Kekuatan penguasa politik di kota Solo saat ini tak lepas dari rentang kendali partai politik mayoritas. Para elite politik di kota Solo berhasil dalam mengelola partai, sistem organisasi, kaderisasi, ideologi hingga mainstream programatik partai politiknya. Elite politik penguasa kota Solo mampu menyakinkan rakyat bahwa partai yang dibangun melalui sistem modern akan memenangkan hati dan pikiran pemilih.

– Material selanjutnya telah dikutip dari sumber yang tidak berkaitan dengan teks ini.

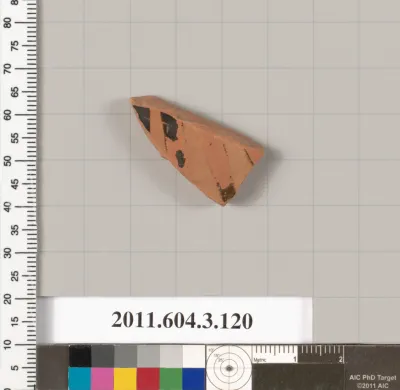 Terracotta fragment of an amphora (jar)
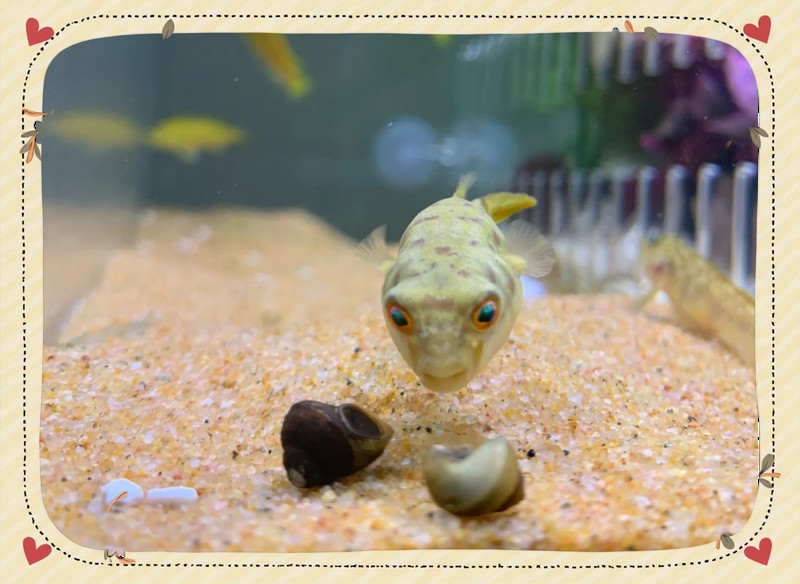 淡水河豚魚怎么養(yǎng)，淡水河豚魚養(yǎng)殖指南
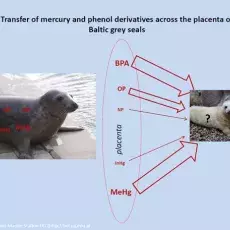 Transfer of mercury and phenol derivatives across the placenta of Baltic grey seals (Halichoerus grypus grypus)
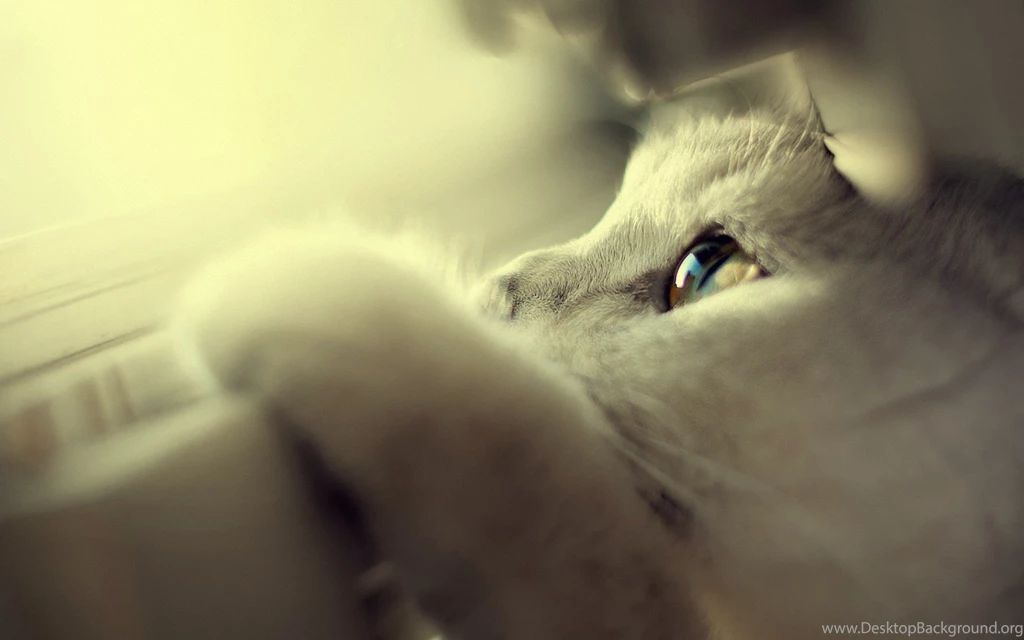 CUTE WHITE CAT Online Wallpapers HD
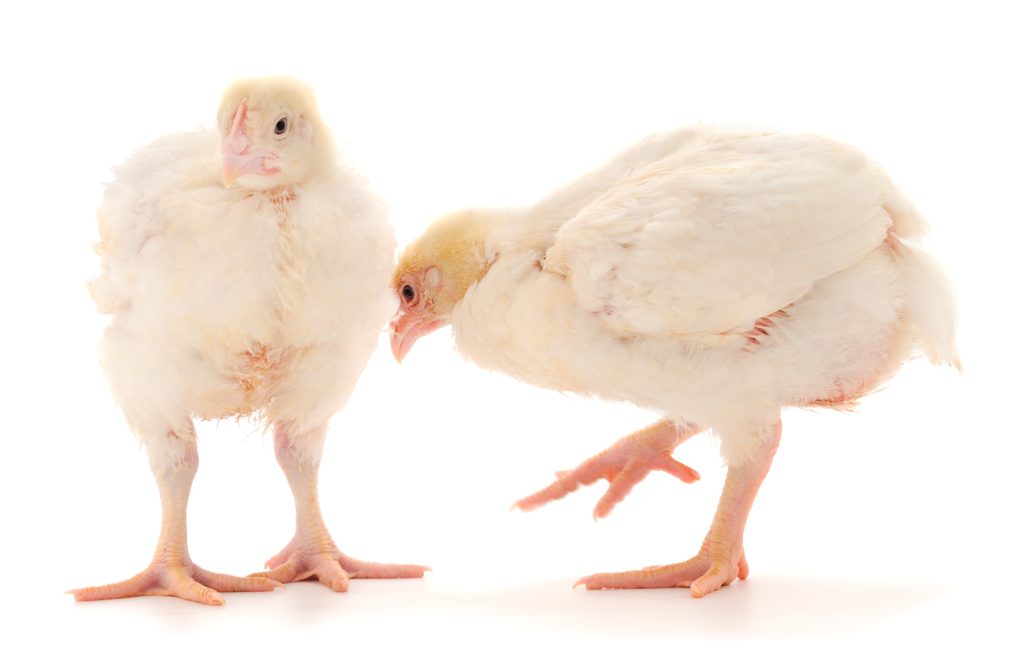 two,chicken,or,young,broiler,chickens,on,isolated,white,background.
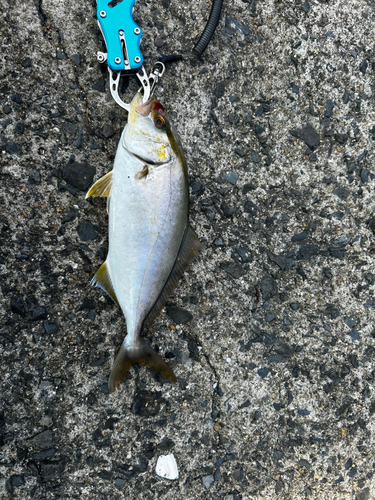 ネリゴの釣果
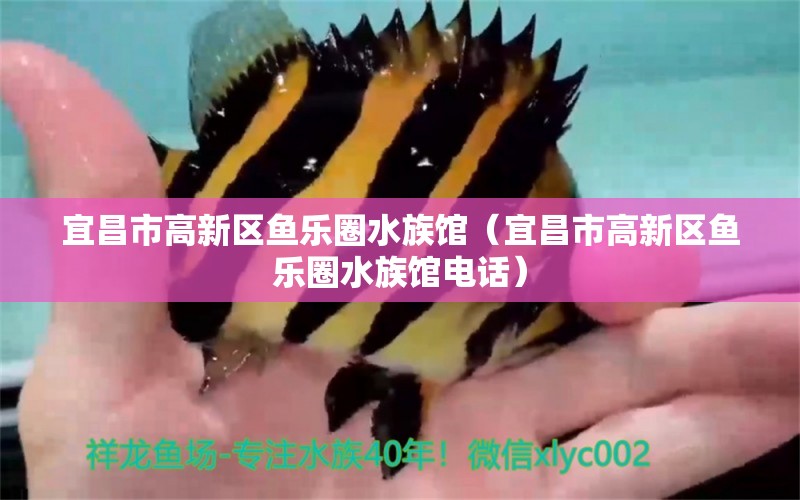 宜昌市高新区鱼乐圈水族馆（宜昌市高新区鱼乐圈水族馆电话）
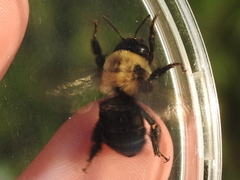 Anthophora abrupta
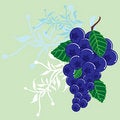 Free Berry Stock Images - 8122574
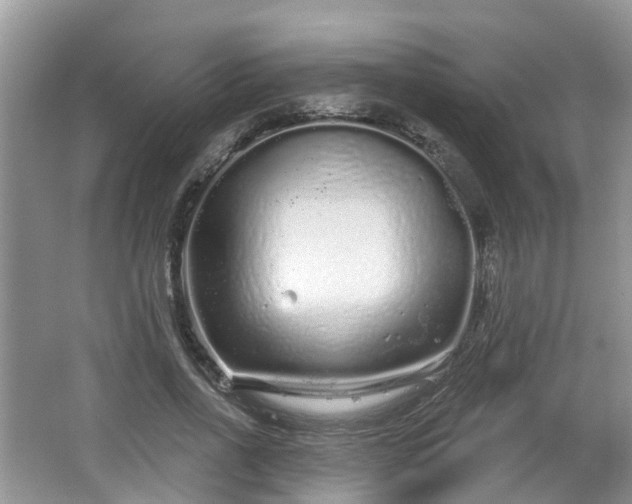 X0000064720734200602131224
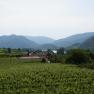 Vineyards with river and mountains in the background.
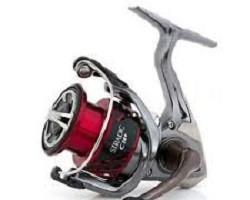 Shimano Stradic CI4 2500, 3000 e 4000 FB – Bolognese –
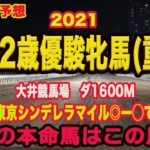 【 東京2歳優駿牝馬2021 】地方競馬予想〜今年最期の地方重賞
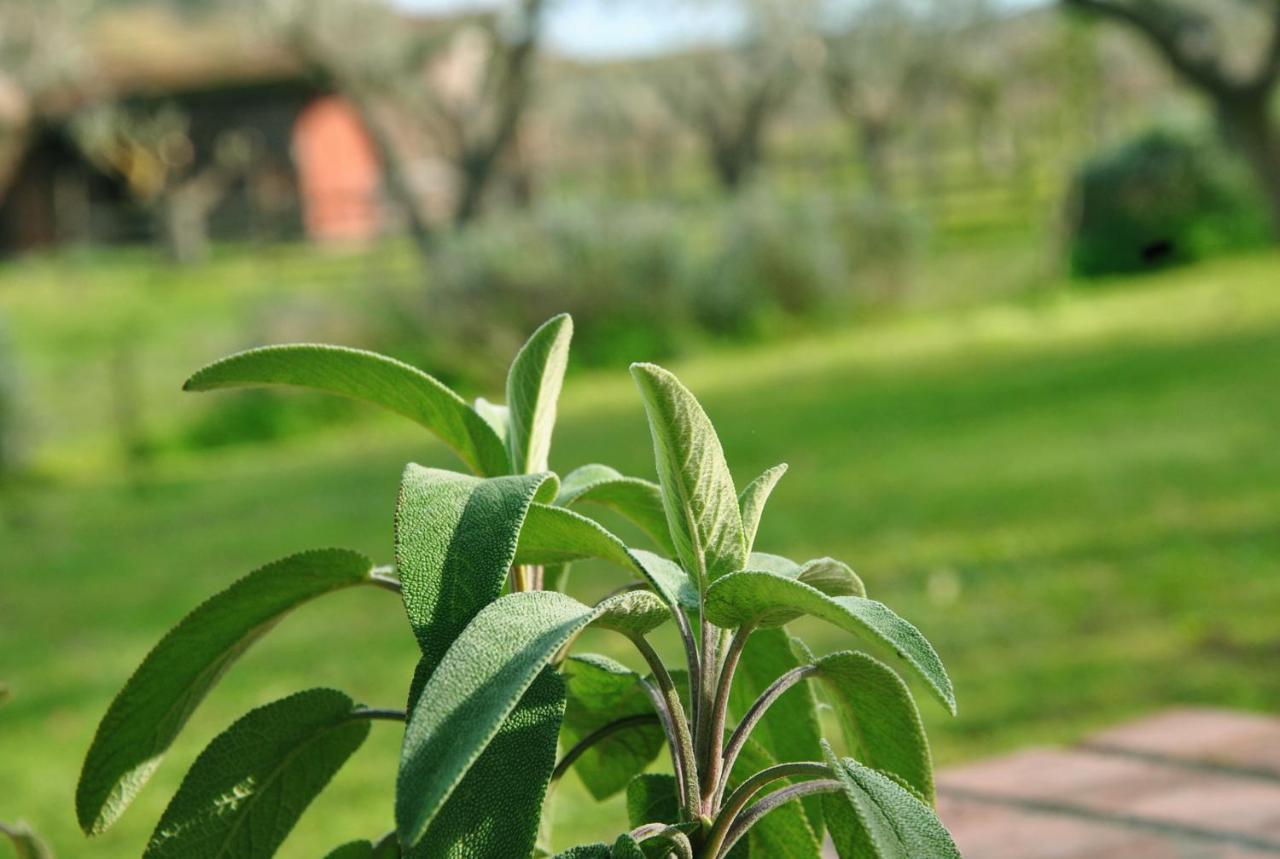 كروتوني Agriturismo La Mandragola Relais المظهر الخارجي الصورة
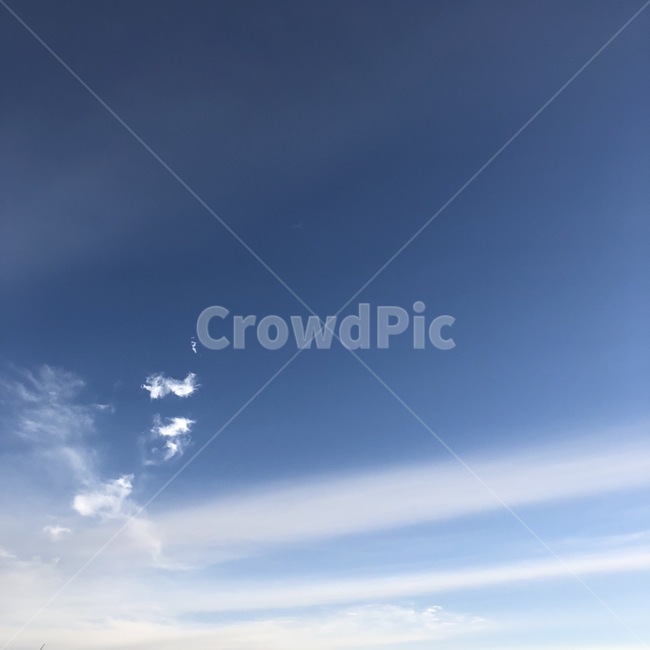 하늘,가을,구름,나무가지,감,나무,가을하늘,겨울하늘,풍경,sky,cloud,tree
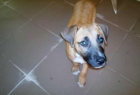 Adopta a Nina - mejor precio | unprecio.es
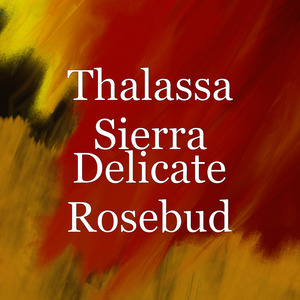 Delicate Rosebud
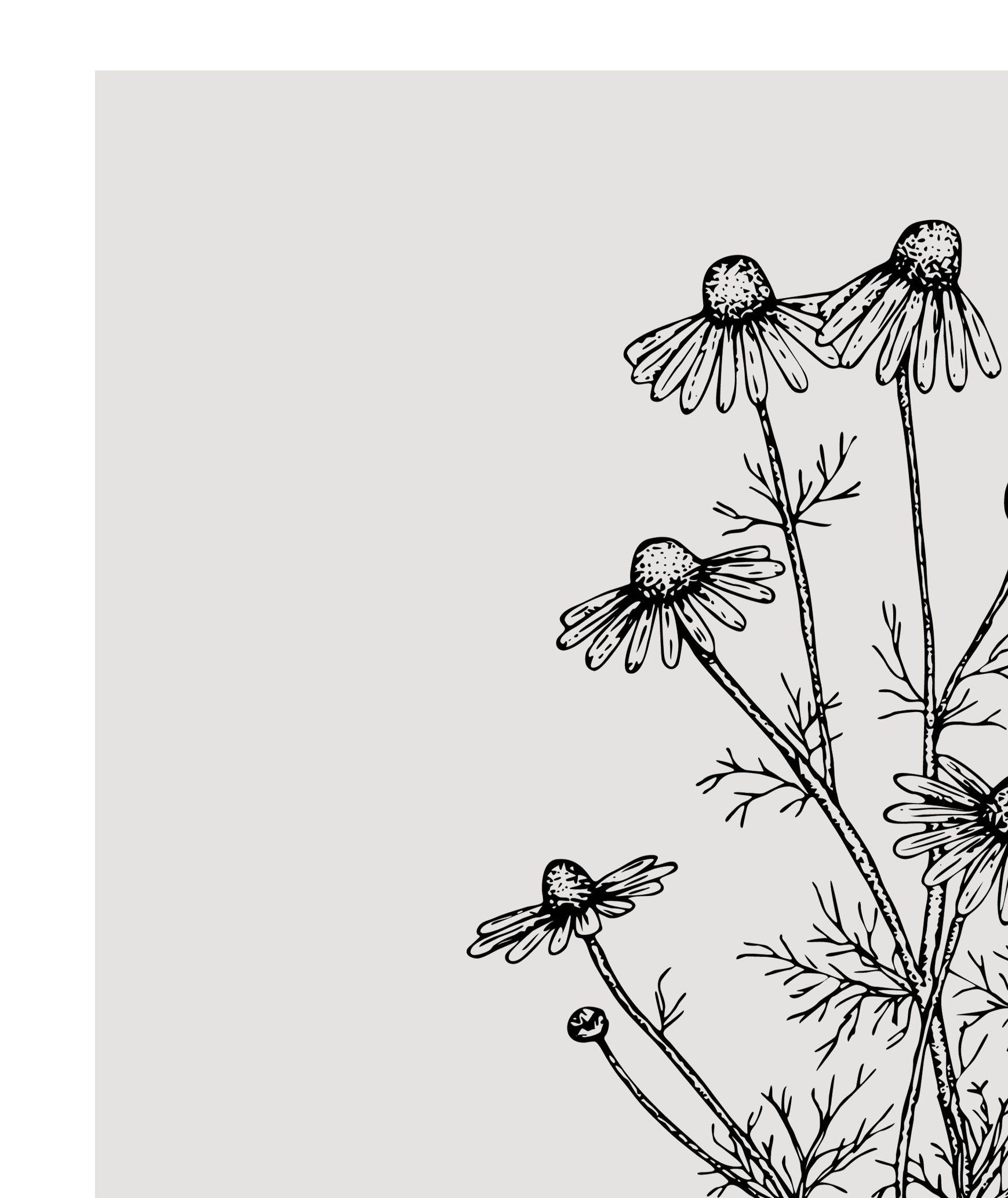 Chamomile print - Herbs art print - Kitchen decor - Herbs and plants - Kitchen printable - Grey monochrome - Sketch art prints - Poster -   17 plants Drawing design ideas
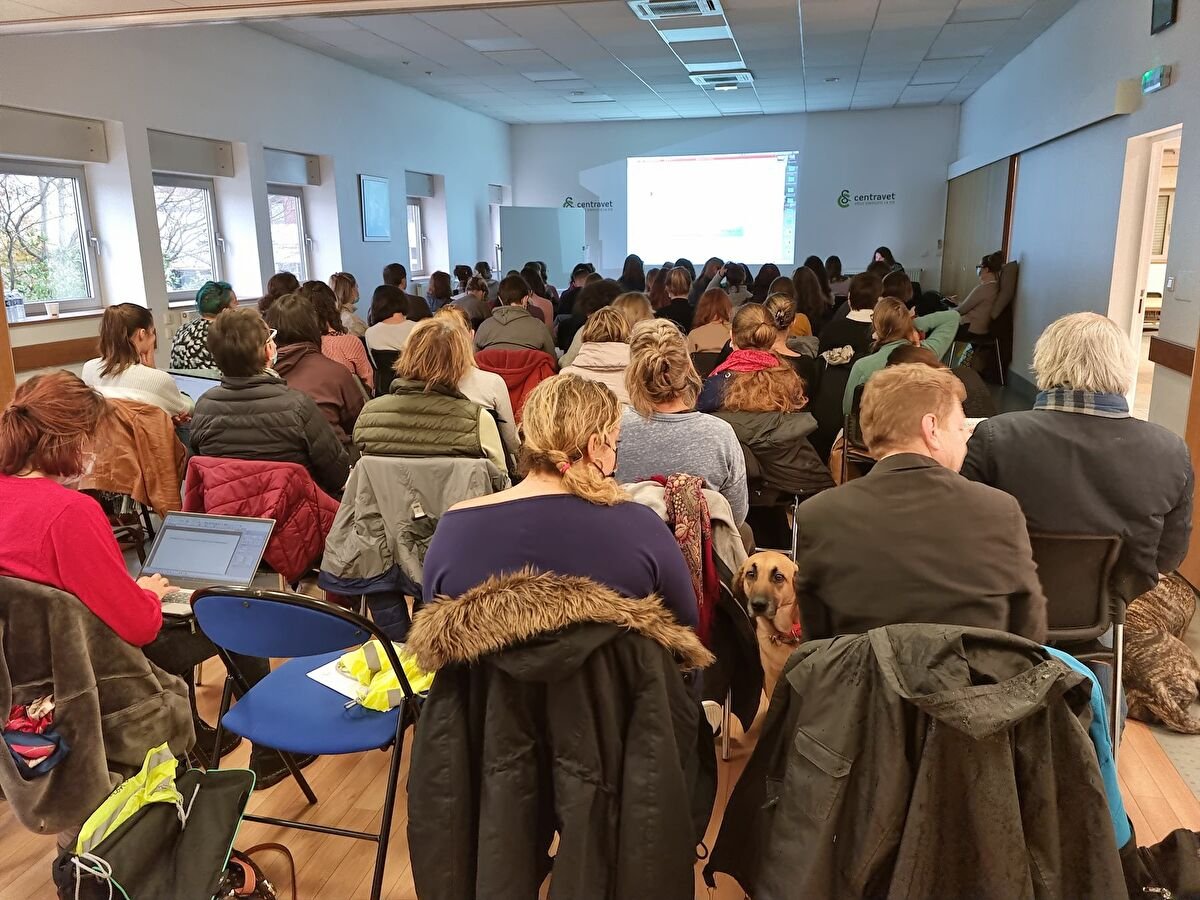 Chien regardant vers l'horizon en pleine nature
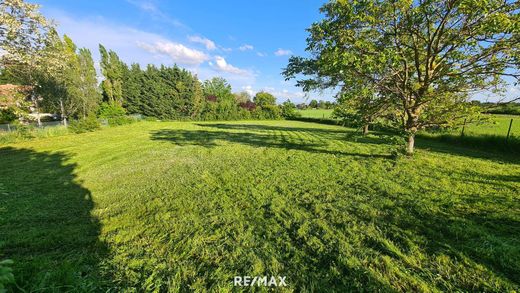 Grundstück in Breitenbrunn, Eisenstadt-Umgebung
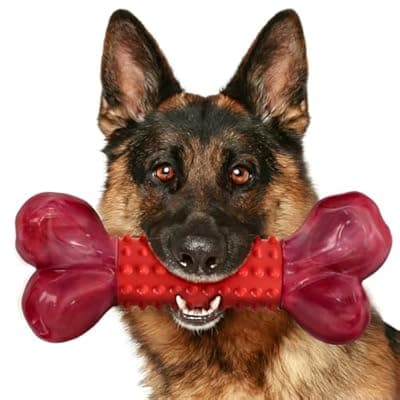 Apasiri Tough Dog Toys for Aggressive Chewers – Beef Flavored, Long-Lasting (Large, Red)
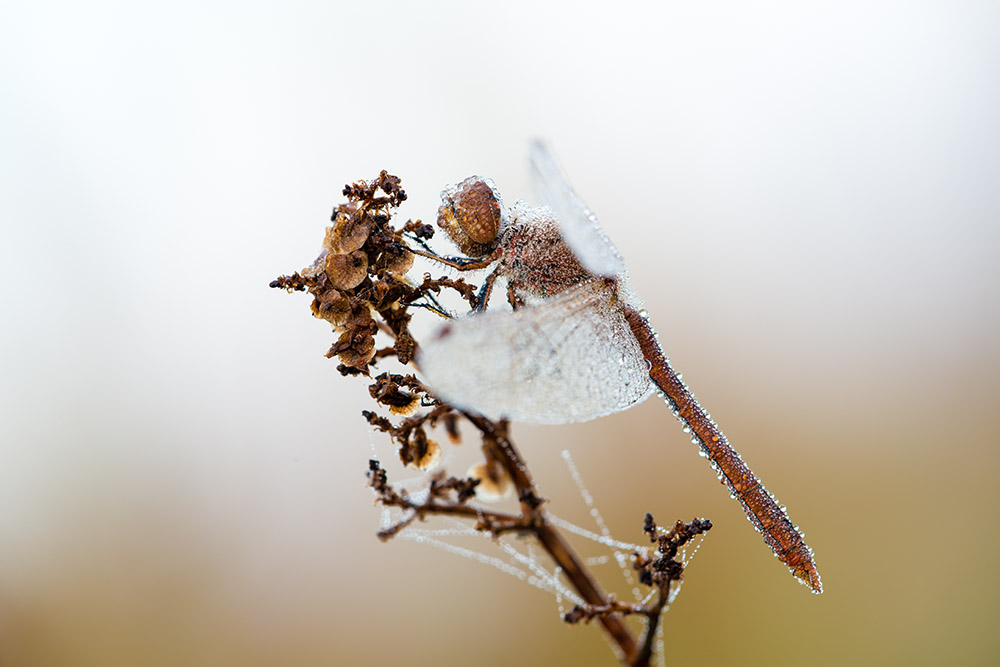 Heidelibelle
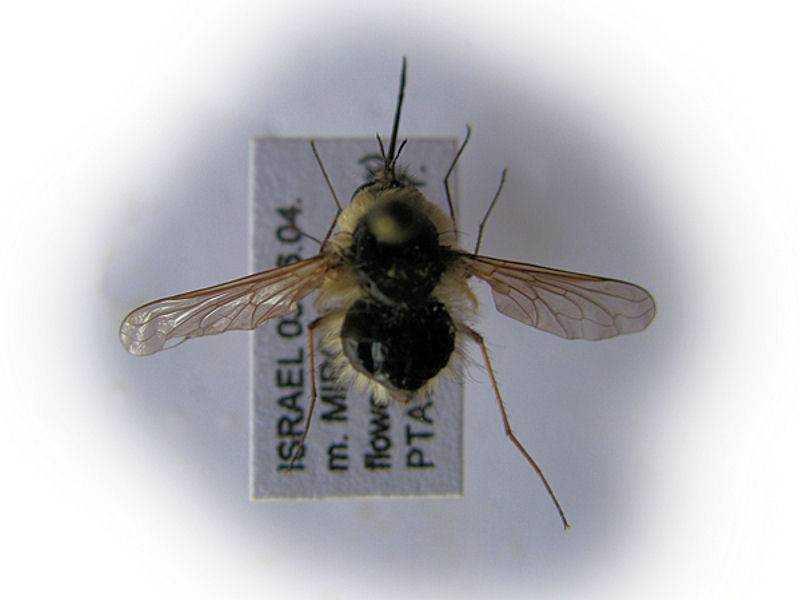 Скорость мухи в полёте: какая максимальная и для чего мухам большая скорость? - все о фермерстве, растениях и урожае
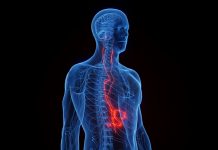 Ovo je možda najvažniji nerv u našem tijelu, a mnogi ne znaju za njega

Meskipun demikian, penulis masih percaya bahwa pembilahan historis terhadap aliran ideologi politik dalam konfigurasi Nasionalisme (maupun Marxisme) dan Islamisme di kota Solo cukup terasa sekaligus bergeser secara fundamental. Partai politik kota Solo ternyata menunjukkan melemahnya partai yang berbasis agama non Islam seperti Partai Damai Sejahtera, tetapi justru menguat pada basis Islam (PKS, PAN, PPP). Meskipun demikian, partai politik yang beraliran nasionalisme seperti PDI Perjuangan dan Gerindra justru mengalami kenaikan yang signifikan.
Dalam konstelasi politik di kota Solo tentu harus memiliki pijakan kuat sebelum menegaskan diri untuk maju sebagai calon walikota maupun calon wakil walikota. Logika politik verbal hanya menjadi bahan olok-olokan karena hasilnya pasti jauh dari yang diharapkan. Insting politik lokal kota Solo harus menjadi garda terdepan mengingat kota Solo memiliki varian gerakan yang seringkali berkelindan lincah tanpa kita sadari. Kalau sudah yakin dengan insting kemenangan politik, langkah selanjutnya adalah nyalon walikota Solo!